IPW adjusted analyses were performed using complete case analysis. Data management and statistical analysis were conducted in R software (version 4.3.1, R Core Team). The lmerTest package (version 3.1-3) was used to fit IPW mixed models, the survey package (version 4.4-2) was used to fit IPW adjusted summary stats and generalized linear models, and WeightIt (version 1.4.0) was used to calculate propensity scores and IPW. p-values < 0.05 was chosen as our decision rule for statistical significance.
3. Results
3.1. Baseline Characteristics and Analgesia Groups
The overall analytic cohort included 287 patients with a mean age of 3.8 years, 59% were male, 72% were White, 94% received CPB cardiovascular surgery, and 58% with STAT category one. Among 287 patients, 220 (77%) did not receive intraoperative methadone and 67 (23%) received intraoperative methadone. Sex, race, and STAT category were similar between the two study groups (Table 1). Patients were significantly older in the methadone group compared to non-methadone group (mean 7.6 vs. 2.7 years, p < 0.001) (Table 1) because caudal morphine with intravenous fentanyl (i.e., 78% in the non-methadone group, Table 2) was commonly used for children under 6 of age per standardized enhanced recovery after pediatric cardiac surgery. A total of 30/226 (13%) in ≤6 years old and 37/61 (61%) in >6 years received intraoperative methadone (Table 1). Intraoperative opioid was similar between methadone vs non-methadone group (median = 0.5 in MME/kg for both groups, p = 0.65, Table 2) in the overall sample.
3.2. Primary Outcome—Postoperative Opioid Consumption (MME/kg)

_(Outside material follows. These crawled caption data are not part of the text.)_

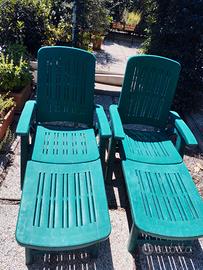 Coppia sedie sdraio da giardino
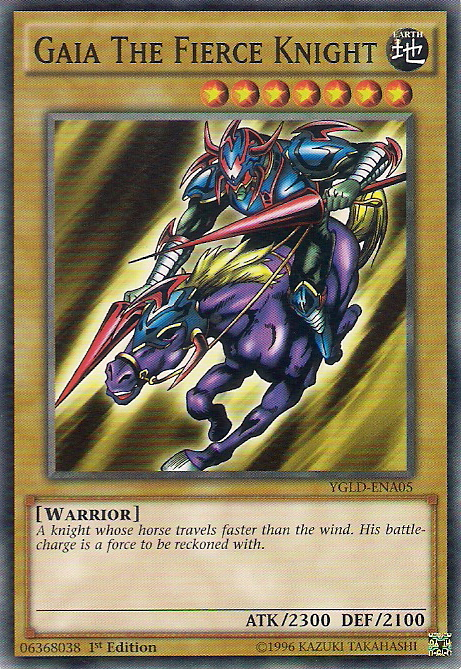 Gaia The Fierce Knight [YGLD-ENA05] Common | Exor Games Truro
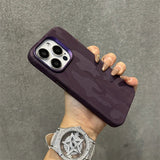 Camouflage Magsafe Apple iPhone Case - Exoticase - For iPhone 15 Pro Max / Dark Purple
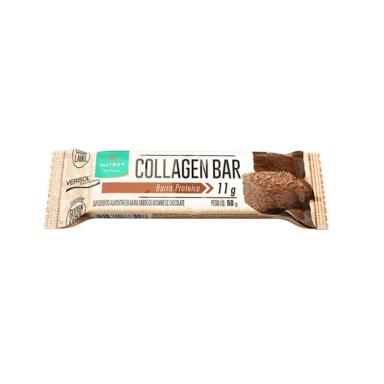 KIT 6X: BARRA DE PROTEíNA COLLAGEN BAR BROWNIE DE CHOCOLATE NUTRIFY 50G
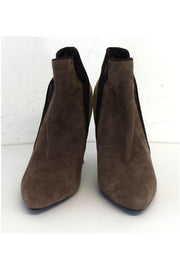 Current Boutique-Stuart Weitzman - Brown & Taupe Suede Booties Sz 9.5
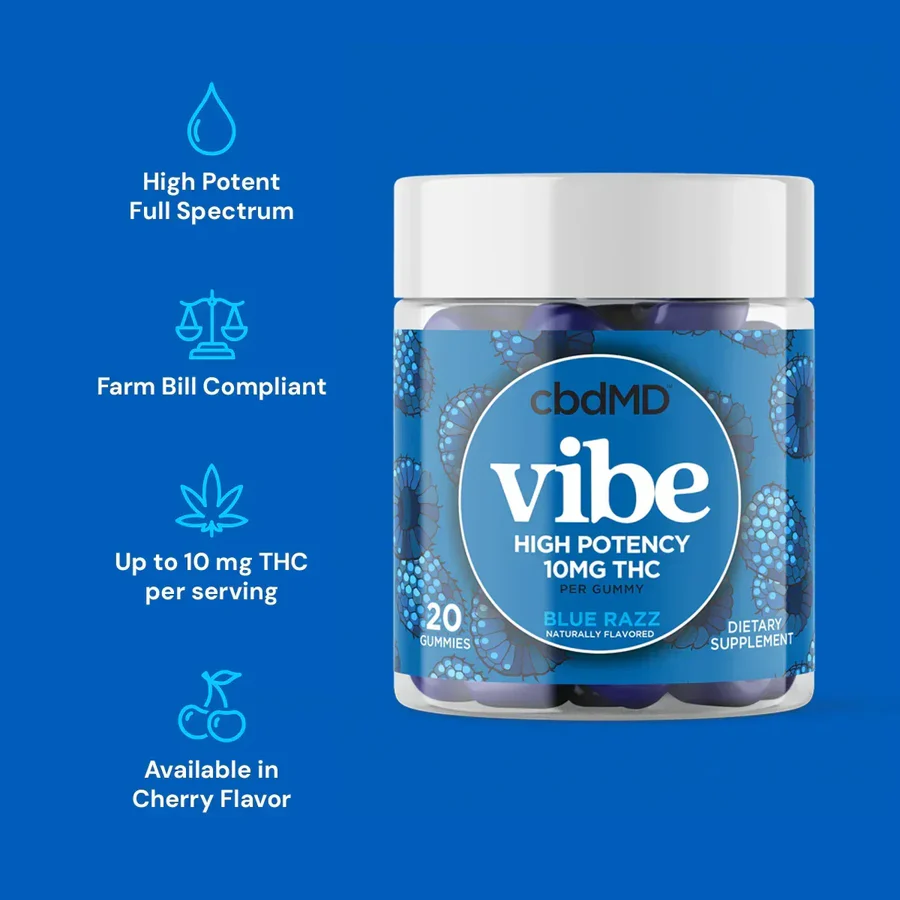 Vibe Delta 9 Gummies 10mg Each - Image 6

Unadjusted analysis showed that the primary outcome, postoperative opioid in MME/kg, was significantly lower in the methadone group compared to the non-methadone group (median = 0.3 vs. 0.5; p = 0.005) on POD 0. Opioid use on POD 1 and 2 was similar between treatment groups (Table 3). IPW adjusted medians showed opioid use to be not significantly different on POD 0, 1, and 2 (Table 4). IPW adjusted linear mixed models showed patients in methadone group had similar postoperative opioid use (β = −0.03, 95% CI: [−0.22, 0.16] MME/kg; p = 0.73, Table 5) compared to those in non-methadone group over POD 0–2 and there was no significant interaction between postoperative days and methadone group (Figure 1). Age stratified analysis using IPW adjusted linear mixed models shows no differences in opioid use across POD 0–2 between methadone analgesia groups for either age group (Figure 2) (Table 5).
3.3. Secondary Outcomes
Postoperative Pain. Unadjusted and IPW adjusted means showed no differences in average pain and max pain scores between groups (Table 3 and Table 4). IPW adjusted linear mixed models showed similar average pain scores (β = −0.07, 95% CI: [−0.4, 0.26]; p = 0.66) and max pain scores (β = −0.002, 95% CI: [−0.76, 0.76]; p = 0.99) between treatment groups (Table 5). Average pain was not significantly different in the age ≤6 group (β = 0.03, 95% CI: [−0.37, 0.44]; p = 0.87); however, max pain was significantly higher in the methadone group among children ≤6 years (β = 0.91, 95% CI: [0.15, 1.68]; p = 0.02). In children aged >6 years, no group differences were found in either max or average pain across PODs (Table 5).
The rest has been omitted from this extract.